The AI is "burn it to the ground" invasion happy. I had a class 11 planet reduced to a class 6 planet because of repeated sucessful invasions using PQ-reducing tactics on the AI's part.
Last AI note: Since users can now design ships, the AI is going to have to deal with a lot more contingencies. Let me describe that really intense, really enjoyable game I mentioned so that you can understand at least one of them.
I was cornering the tech market in a gigantic, 9 opponent game. I had every tech that anyone else had, better miniturization, plus all the diplomacy techs and a full generation (several techs each) of beam weapons and shields over anyone else. Then the Yor declared war. I'm not sure how they came up with a single ship (class) that could eat three of my best ships and not take damage without the techs to build Starship Foundries and such, but I was knocked out of the military game fast. I lost a few colonies because I couldn't keep them garrisoned even buying ships every turn.
Then I changed tactics. I noticed that the AI would only send in fleets of transports, or a single transport mixed into a primarily-combat fleet. So I sold off some techs for some operating capital, bought aphrodisiacs (so that I could quickly recover from those single transports that I stood no chance of stopping) and started pumping out interceptors to take out the transport-only fleets that could have taken my colonies. Before that game CDT'd and left me with corrupt saved games, I was pushing out small ships with 5 attack, no defense, a speed of 10 (counting the impulse and gravity accelerator bonuses), a sensor range of 16 (meaning that even if a Yor ship started off outside my sensor range, I could move straight towards it at full speed and it still couldn't reach me in its next turn), and enough range that they coudn't be cornered.

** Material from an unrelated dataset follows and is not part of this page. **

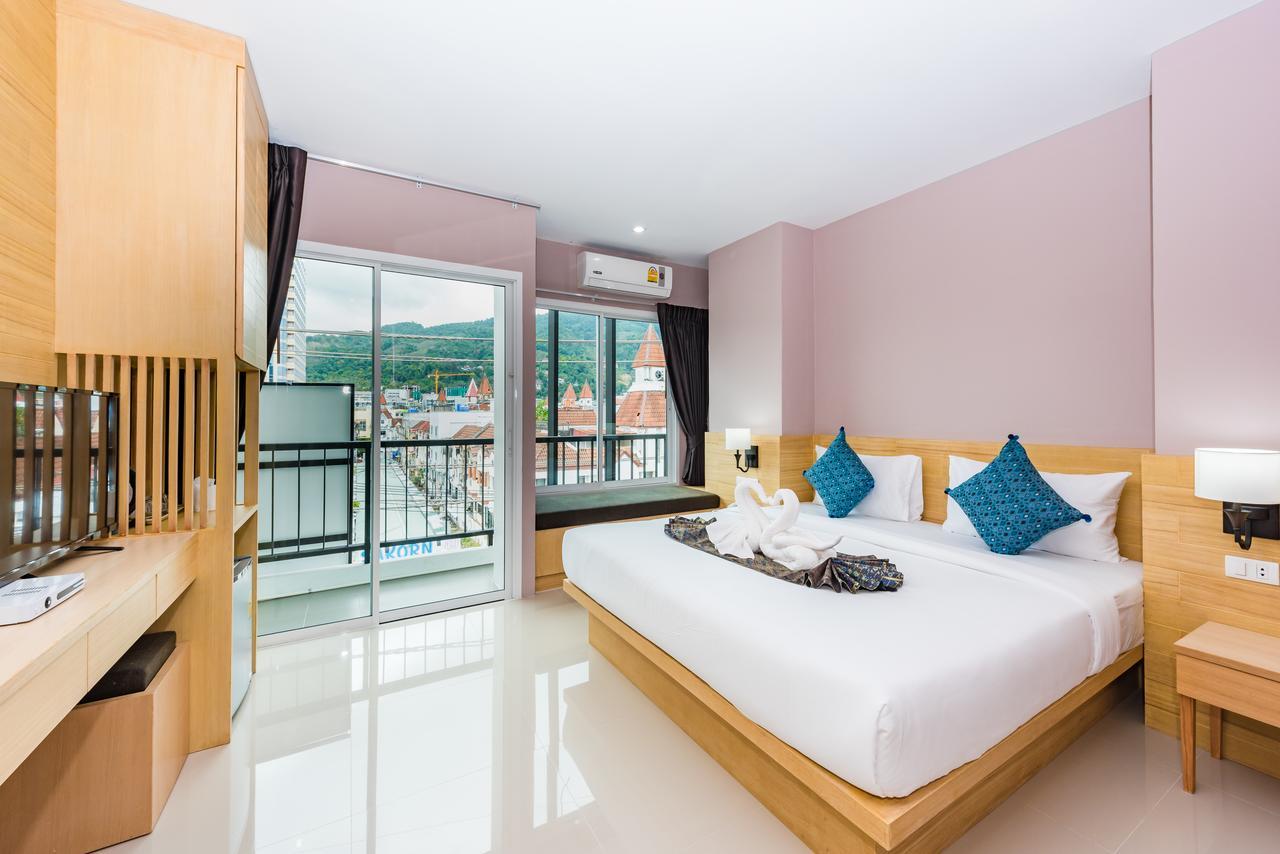 Royal Luxury Hotel Patong Екстериор снимка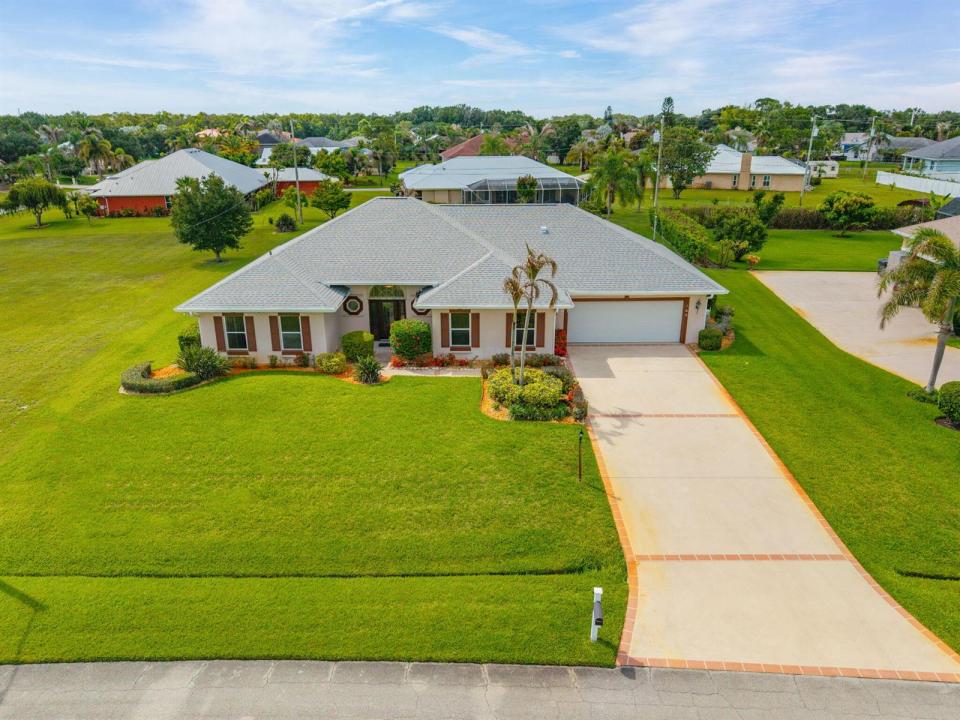 165 SW Hawthorne Circle, Port St. Lucie, Floride 34953, États-Unis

Talk about an intense game. Any mistake moving a ship resulted in the loss of that ship, but I still managed to make sure that noone that declared war on me got an unescorted transport, starbase, or any other low attack, low defense ship anywhere near my planets. I was even using them for offensive action before too long, commerce and starbase raiding areas that any human player would have considered reasonably secure in the absense of these raiders.
On the other hand, any human player of any reasonable skill level would have stopped chasing the interceptors and started using those nasty ships that were both the rock and the hard place as transport escorts, with a single combat ship escorting multiple transports. I wouldn't have lasted long.